A pregação golpista não é nova, mas Bolsonaro tem elevado o tom das ameaças. Em janeiro, sugeriu que pode imitar Donald Trump e sua invasão do Capitólio. “Se nós não tivermos voto impresso em 2022, vamos ter problema pior que os Estados Unidos”, prometeu. Em maio, disse que, “se não tiver voto impresso, não vai ter eleição”. “Acho que o recado está dado”, arrematou.
O capitão tem aliados para além da sua
tropa de fanáticos. O procurador Augusto Aras, que não perde uma chance de
mostrar serviço, já fez declarações em defesa do retrocesso. O deputado Arthur
Lira permitiu que a ideia avançasse na Câmara. A relatoria foi entregue ao
bolsonarista Filipe Barros, investigado no inquérito das fake news.

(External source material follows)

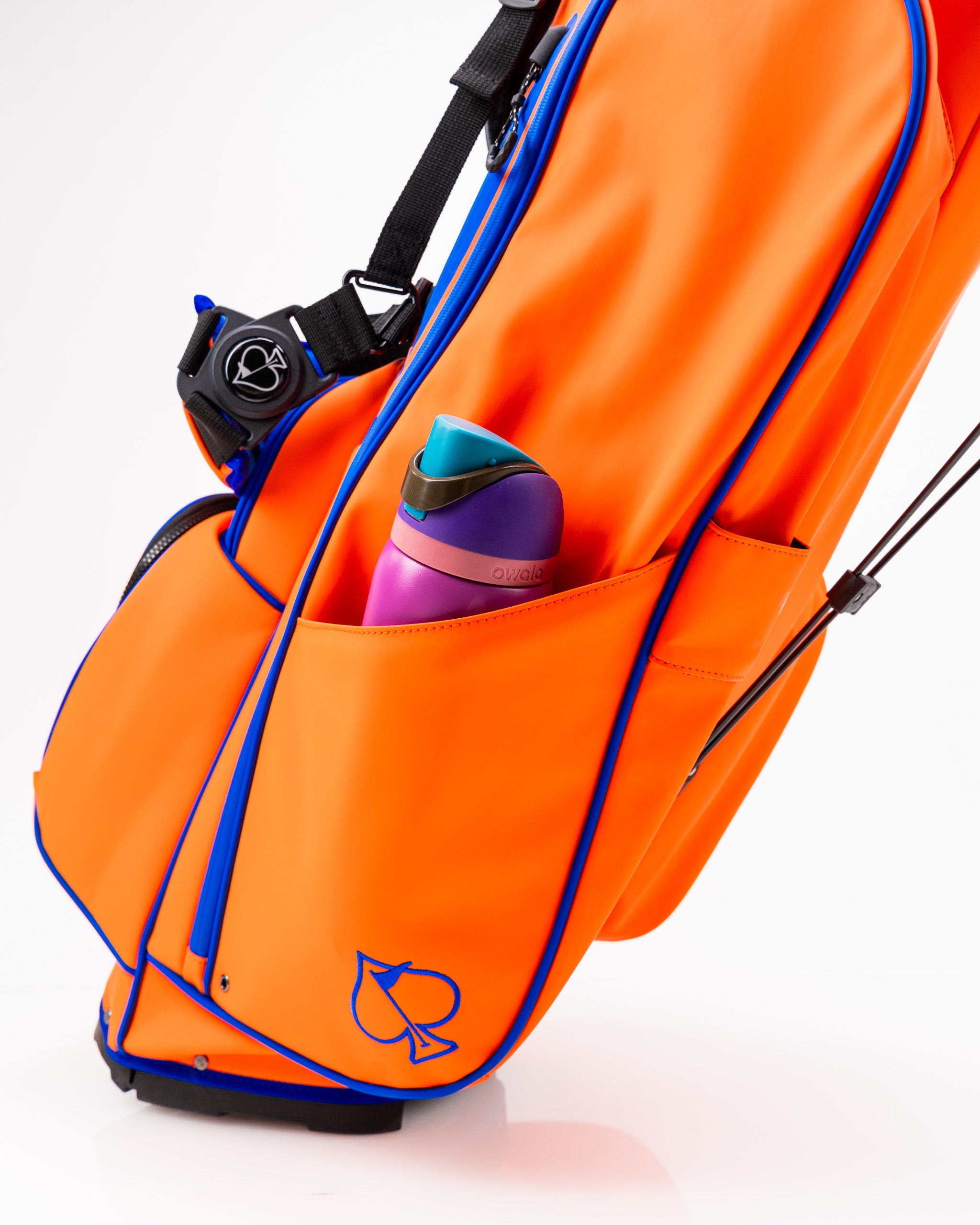 Player Preferred™ Golf Bag in vibrant orange color with multiple pockets and ergonomic straps.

Como diz o ministro Barroso, o retorno ao
voto impresso é uma solução arriscada para um problema inexistente. O sistema
atual já é auditável e funciona há 25 anos sem registro de fraude. A pretexto
de aperfeiçoá-lo, a proposta do governo ameaça o sigilo do voto e cria ambiente
para tumultuar a eleição.
Com o capitão encurralado pelas pesquisas e
pelo avanço da CPI, os alertas começaram a surtir efeito. No último sábado,
presidentes de 11 partidos uniram-se em defesa da urna eletrônica. A frente
incluiu siglas governistas como PP e PL. Sinal de que a ficha começou a cair
até para os bolsonaristas de aluguel. Eles parecem ter percebido que não seriam
poupados numa virada de mesa.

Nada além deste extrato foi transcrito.